AMY GOODMAN: Chip Berlet, the issue of is the support dropping, even in the most core group that the Republican Party has so long depended on. According to the Pew Research Center, 57% of white evangelicals say they’ll likely vote Republican this year, a 21% drop from two years ago.

CHIP BERLET: And that’s one reason why this campaign has been launched. There has been polling that shows a tremendous dissatisfaction with Republicans. But what religious right leaders who put together this conference — it was, you know, James Dobson from the American Family Association, Tony Perkins with the Family Research Council, Donald Wildmon of the American Family Association, Gary Bauer of Americans United to Save Marriage — all of these groups have got together to say, “Yes, you’re unhappy with the Republicans. So are we, but what’s the alternative? And just like those people, you know, who faced down the terrorists in the planes on 9/11, you should go to the polls and vote Republican.” And they literally said that. They used the image of 9/11 in saying, “Just as Americans stood up against terrorism on 9/11, you need to stand up against gay marriage in this election.” So, the last few days are very important, and there are these networks of evangelical pastors that have been formed in several key states, and they may play a very important role in turning out voters at the last minute. It’s really, again, hard to guess, but people shouldn’t write off the power of the Christian right to mobilize evangelical voters.

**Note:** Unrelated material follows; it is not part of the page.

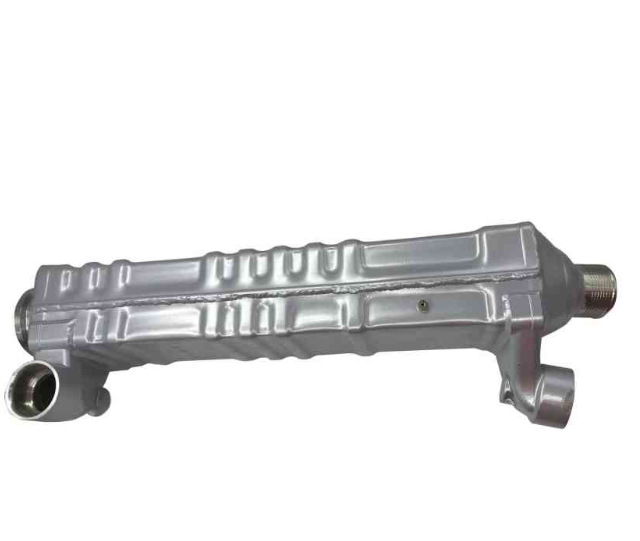 D13 EGR COOLER REBUILT $450 + $200 (CORE)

AMY GOODMAN: And do you think that the left has something to learn from the organizing within the evangelical movement, and what is that?

CHIP BERLET: Well, that grassroots organizing is key and that too many political organizations and progressive social movement organizations have given up on door-to-door kind of neighborhood organizing and local organizing, and that really, when it comes to the real social change, that grassroots organizing makes the difference. Social movements pull political parties in their direction when they’re strong. If you don’t have a powerful progressive movement, it doesn’t matter how much you want the Democrats to do what you want them to do.

AMY GOODMAN: Chip Berlet, I want to thank you very much for being with us, senior analyst at Political Research Associates in Somerville, Massachusetts. We’ll link to the report. It’s called “Running Against Sodom and Osama: The Christian Right, Values Voters and the Culture Wars in 2006.”